Suhariyanto menyebutkan, pertumbuhan ekonomi yang membaik di kuartal ketiga dipengaruhi berbagai peristiwa. Di antaranya, perekonomian di berbagai negara yang juga menunjukkan pemulihan dibandingkan kuartal sebelumnya. "Berbagai pergerakan indikator di banyak negara mengalami perbaikan tapi masih menghadapi kendala karena masih tingginya kasus Covid-19," katanya.

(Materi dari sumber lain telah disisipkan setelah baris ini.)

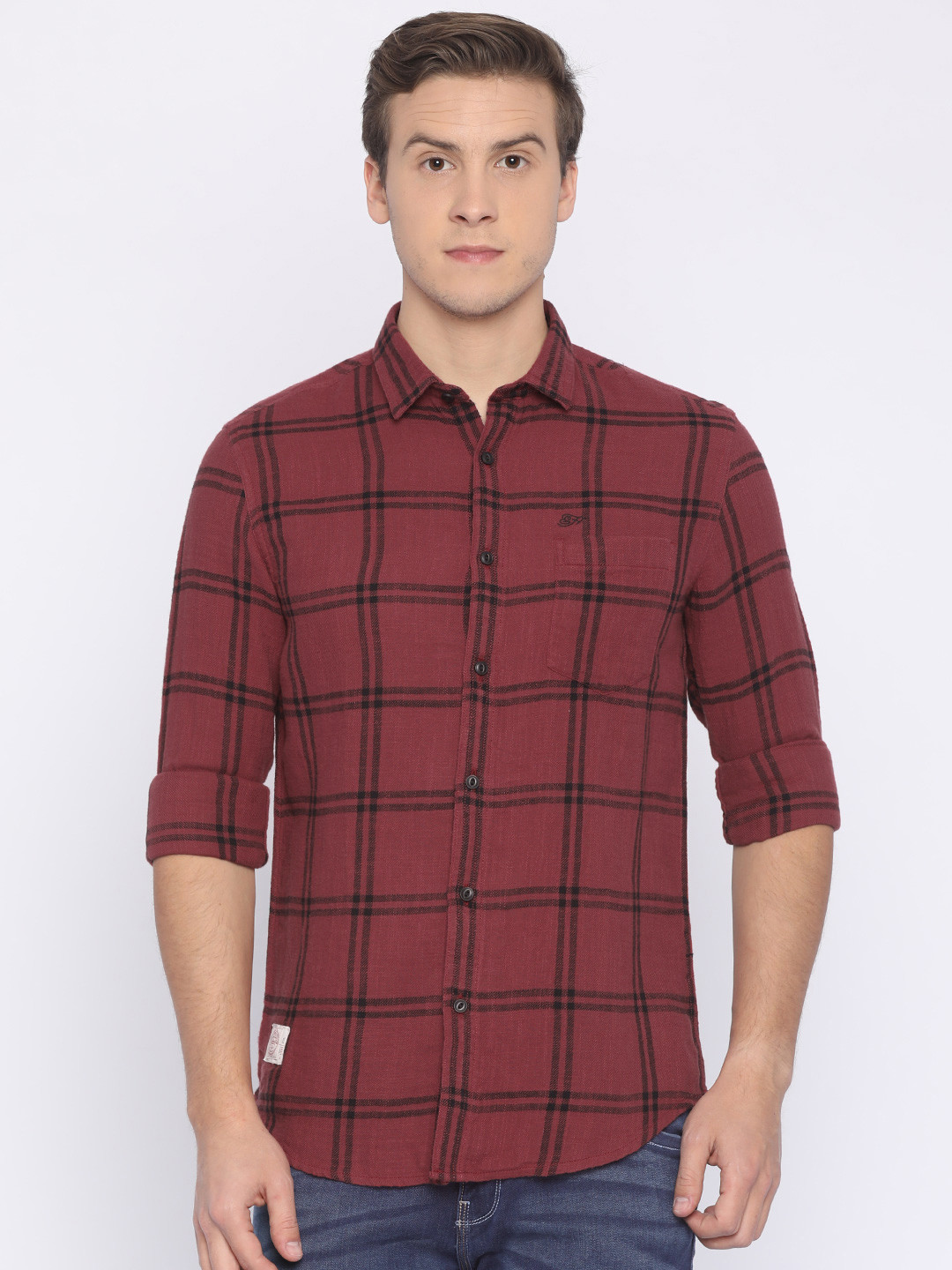

Ed Hardy Men Red & Black Slim Fit Checked Casual Shirt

Menteri Keuangan Sri Mulyani menyebutkan, hampir semua sektor mencatatkan perbaikan atau turning point yang menggambarkan titik balik pemulihan ekonomi Indonesia. Realisasi ini dinilainya dapat memberikan harapan besar untuk terus memperbaiki ekonomi dari sisi produksi.
"Kuartal ketiga menunjukkan, the worst is over atau hal paling buruk, dampak terburuk dari Covid-19 di kuartal kedua sudah terlewati dan sekarang sudah tahap pemulihan," ujarnya dalam konferensi pers virtual, Kamis (5/11).